So he forced himself to sit and ate grilled-cheese sandwiches with bacon and drank a Bud, and found that his mother had been right, he did feel a little more human. When the meal was over, Mary Peg asked, “So what have you got so far? Anything?”

“In a negative sense. Do you know much about ciphers?”

“At the Sunday paper game-page level.”

“Yeah, well that’s a start. Okay, the most common kind of secret writing in the early seventeenth century was what they called a nomenclator, which is a kind of enciphered code. You have a short vocabulary of coded words, box for army, pins for ships, whatever, and these words and the connecting words of the message would be enciphered, using a simple substitution, with maybe a few fancy complications. What we got here isn’t a nomenclator. In fact, I think it’s the cipher Bracegirdle talks about in his letter, the one he invented for Lord Dunbarton. It’s not a simple substitution either. I think it’s a true polyalphabetic cipher.”

“Which means what?”

“It’s a little complicated. Let me show you some stuff.” He left and came back with a messy handful of papers. “Okay, the simplest cipher substitutes one letter for another, usually by shifting the alphabet a certain number of spaces, so that A becomes D and C becomes G and so on. It’s called a Caesar shift because Julius Caesar supposedly invented it, but obviously you can crack it in a few minutes if you know the normal frequencies of the letters in the language it’s written in.”

“ETAOIN SHRDLU.”

“You got it. Well, obviously, spies knew this, so they developed ciphering methods to disguise the frequency of letters by using a different alphabet to pick every substitution in the ciphertext.”

“You mean a literally different alphabet, like Greek?”

“No, no, I mean like this.” He pulled a paper out of the sheaf and smoothed it on the table. “In the sixteenth century the architect Alberti invented a substitution cipher that used multiple alphabets arranged on brass disks, and a little later in France a mathematician named Blaise Vigenère supposedly invented what they call a polyalphabetic substitution cipher using twenty-six Caesar-shifted alphabets, and I figured it or something like it would be known to Bracegirdle if he was studying the cipher arts at that time. This here is what they call a tabula recta or a Vigenère tableau.
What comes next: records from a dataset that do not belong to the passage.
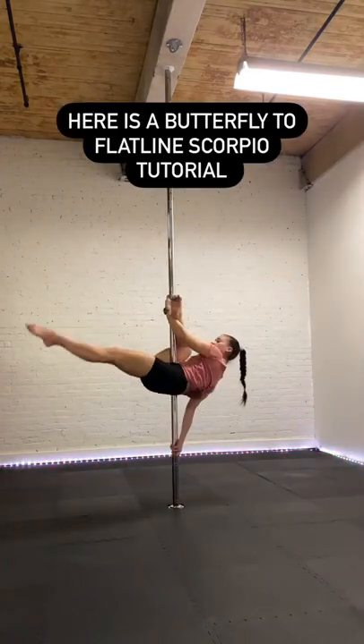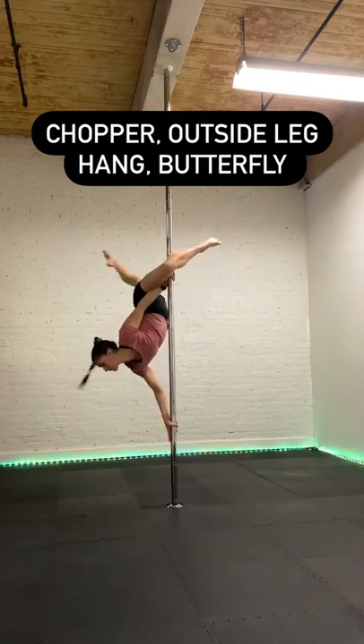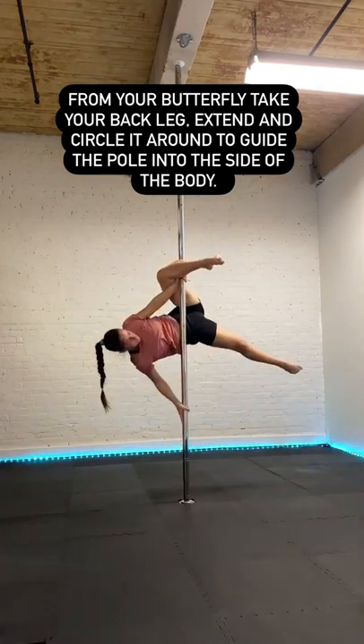Here's a butterfly to flatline Scorpio tutorial. Starting outside leg hang butterfly — from your butterfly, you're going to take that back leg, extend it, and circle it all the way around, guiding the pole into the side of the body.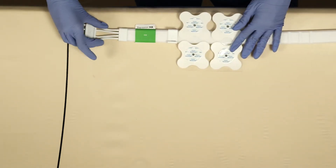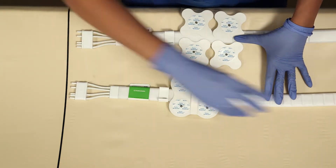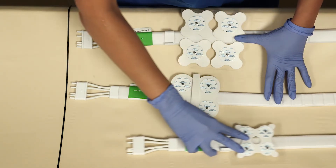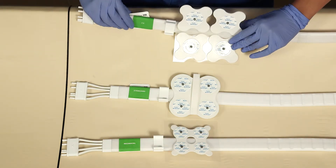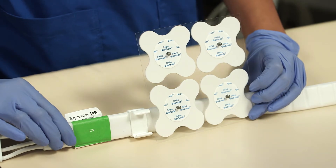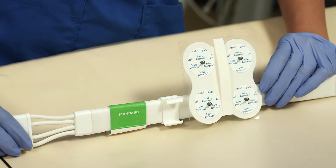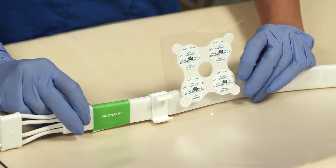Before placing ECG leads on the patient, you want to make sure you pick the correct electrode with the correct ECG cable. There are three types of ECG cables that pair with the three different electrodes. The CV ECG cable is made for the CV quatrodes, which are the quatrodes that are separate. The standard cable is made for the single patch quatrodes, and the neonatal cable is made for the neonatal quatrodes.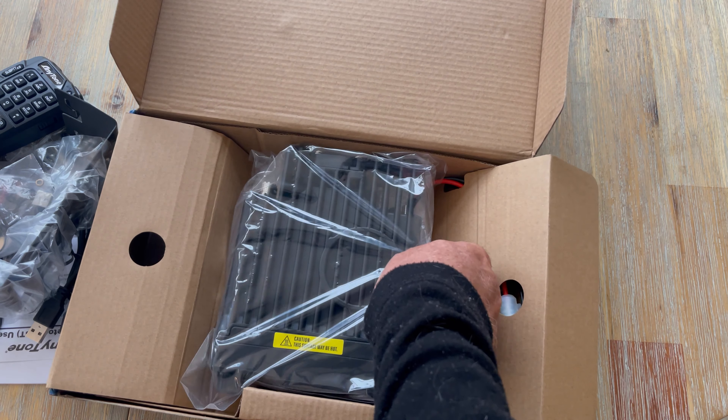So the AT578 Pro, unboxed. I hope you enjoyed the video. If there's enough interest I may well do a follow-up video telling you about some of my experiences with the radio and what I think about it. Please leave a comment below if you'd like to see that. And until the next time, thanks for watching. Cheerio.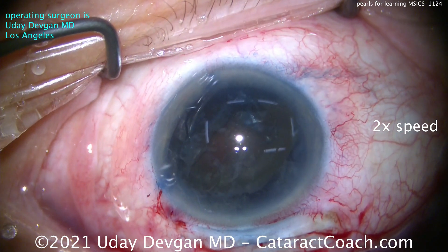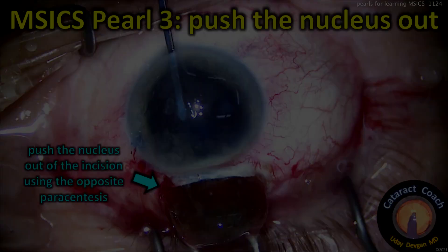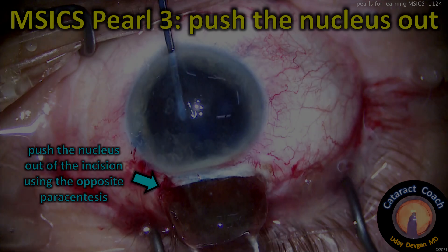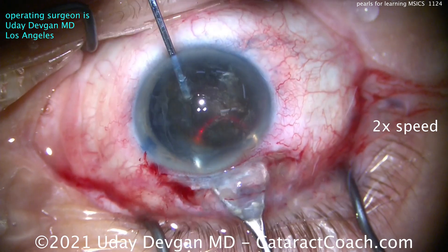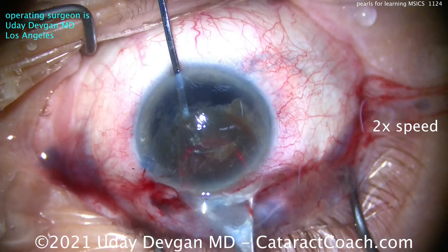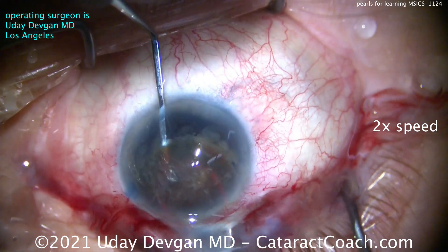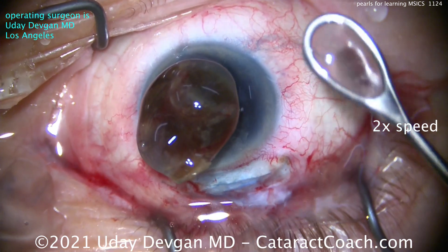It's going to be a tight fit to get the nucleus out, so here's the trick: inject more viscoelastic to pressurize the eye, then push the nucleus out. Using a spatula opposite the main incision to push — with the lens loop going under the nucleus — very important: do not let the cataract touch the corneal endothelium. Use the spatula in the left hand to push, push, push that nucleus. The pressure gradient from the viscoelastic helps, and boom — the whole nucleus comes out.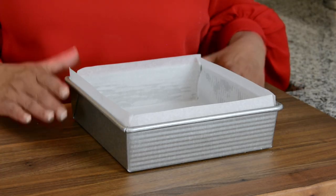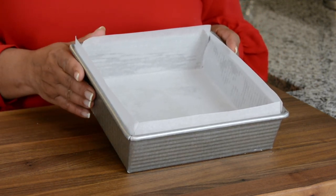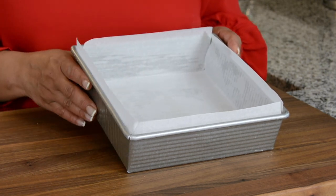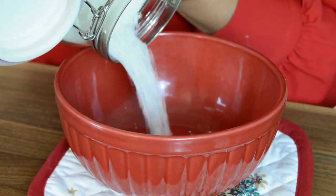Now let's get started. A tip before you start cooking your coconut toffee is to prep your cake pan. I'm using an eight by eight inch cake pan and I've lined it with parchment paper. We're going to keep this aside.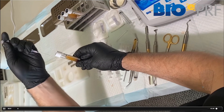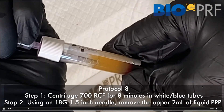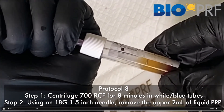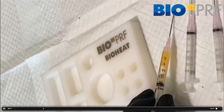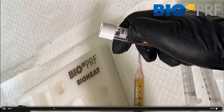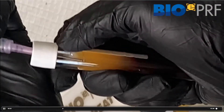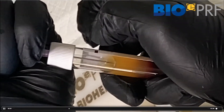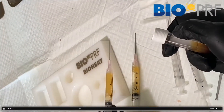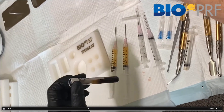Let's go over the protocol. The first step is drawing the upper 1.5 to 2 mLs of this liquid from the tube — that's about 1.5 to 2 cc's. We're going to do two tubes here, so we're going to do two bio heat treatments. We draw this up and then place it into the bio heat device.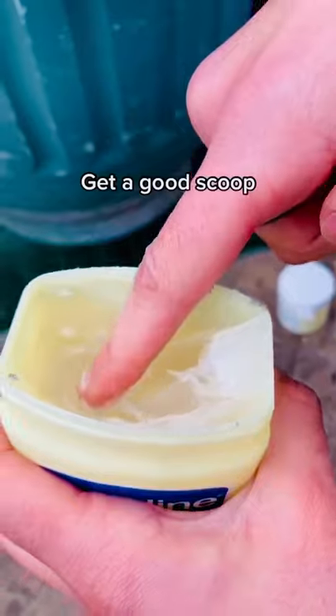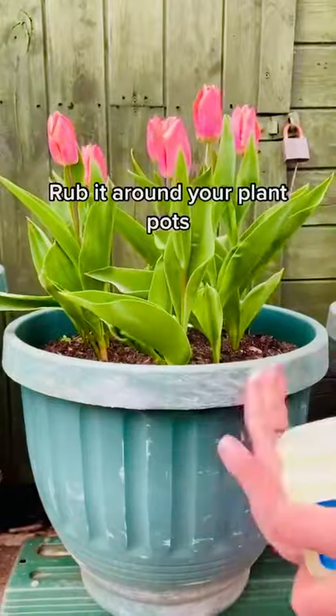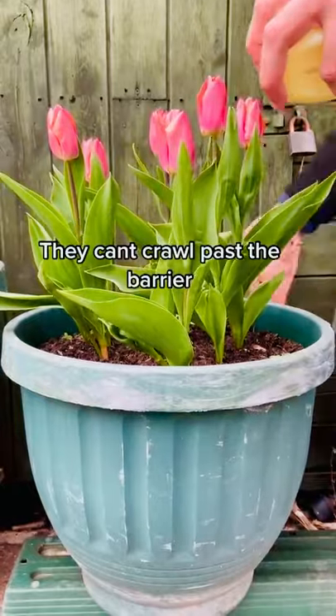If you've got some spare Vaseline kicking around the house, grab a good scoop and rub it around the lip of your plant pot. The slugs really struggle to crawl over this barrier, and it's just one way to cut our use of pesticides.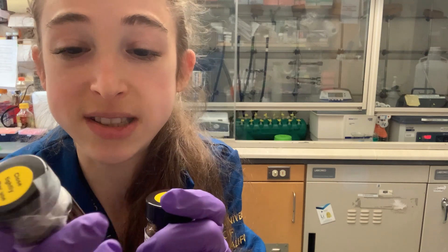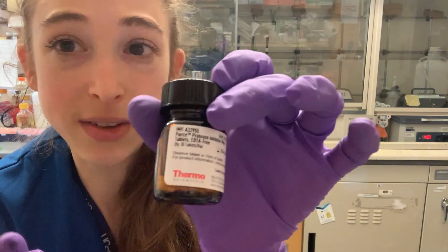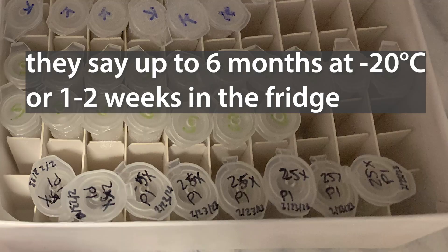One of these tablets — the normal size ones — is for 50 mils, and you might not have 50 mils of sample. Even the mini is still like 15 mils. So if you have less, what you can actually do is make a more concentrated stock solution and save that stock solution in the freezer. They say in the freezer it can be good for up to about six months. If you want to keep it in the fridge, that'll be good for a week or two.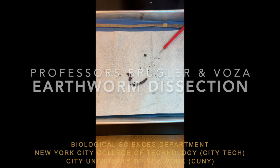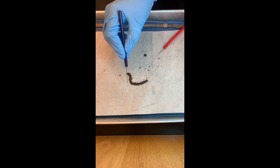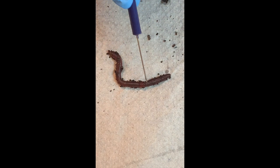What are earthworms? Earthworms are annelids, or segmented worms, and we can actually see that on a fresh worm here. They have segments — little rings that you can see, as if you put those rings together to make the worm. What do we call those rings, those segments? Somites.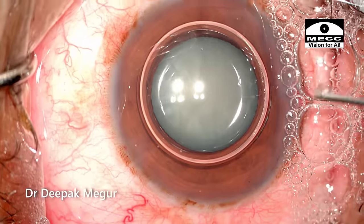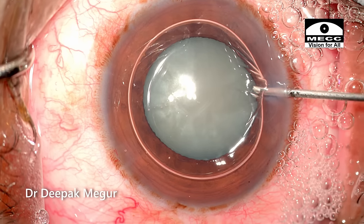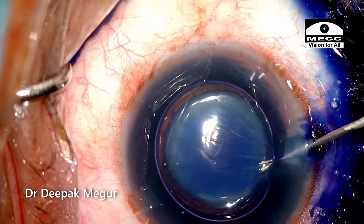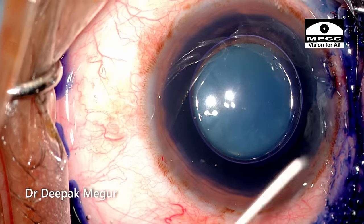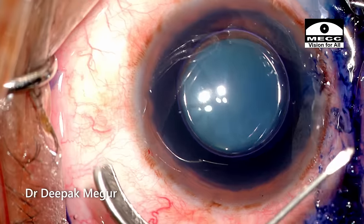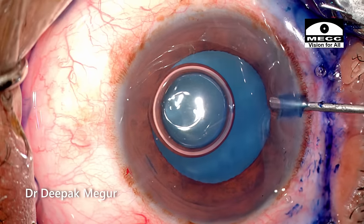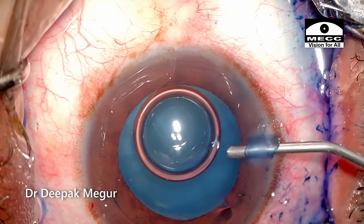Air is injected in followed by preservative-free xylocaine, about 0.2 to 0.3 ml. During this time, I bend my cystotome and this gives me about 20 seconds for the dye to stay in the capsule well enough. Dispersive OVD is injected into the anterior chamber creating enough pressure for me to perform a good incision.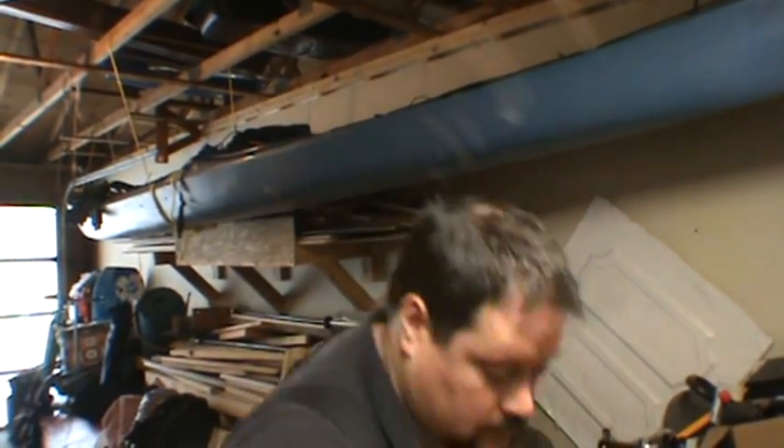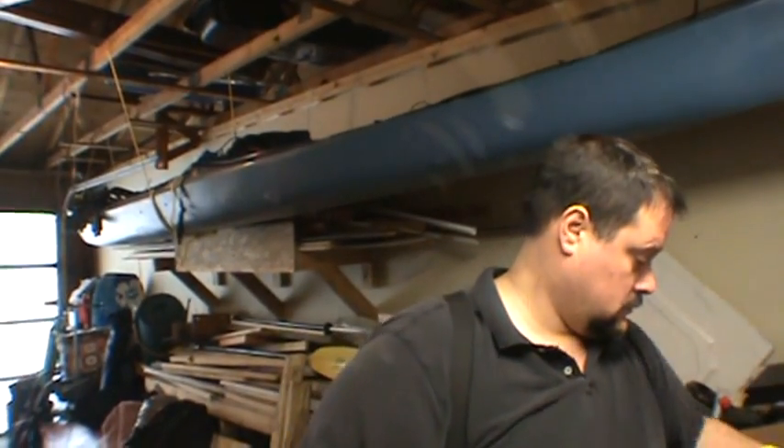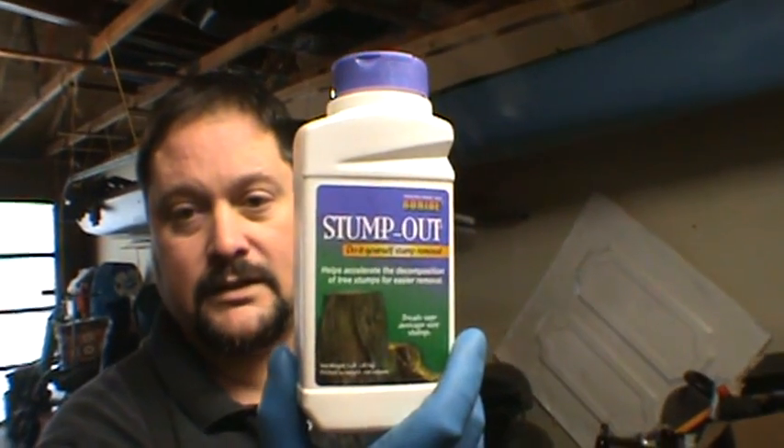So we're going to need three chemicals: we're going to need hydrochloric acid at 31.45%, regular household bleach, and sodium metabisulfite — or Bonide Stump-Out — which has sodium pyrosulfite in it, which will do the same thing.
It’s twenty-six alphabets, one on top of the other, starting with a regular A through Z alphabet and then each successive one starts one letter to the right, from B through Z plus A, then C through Z plus A and B and so on, and there are regular alphabets along the left side and the top to serve as indexes.”

“So how do you use it to disguise frequencies?”

“You use a key. You pick a particular word and run it across the top of the tableau, lining each letter of the key up with each column and repeating it until you reach the end of the alphabet. For example, let’s pick Mary Peg as a key. It’s seven letters with no repeats, so it’s a good pick.” He wrote it out several times in pencil and said, “Now we need a plaintext to encipher.”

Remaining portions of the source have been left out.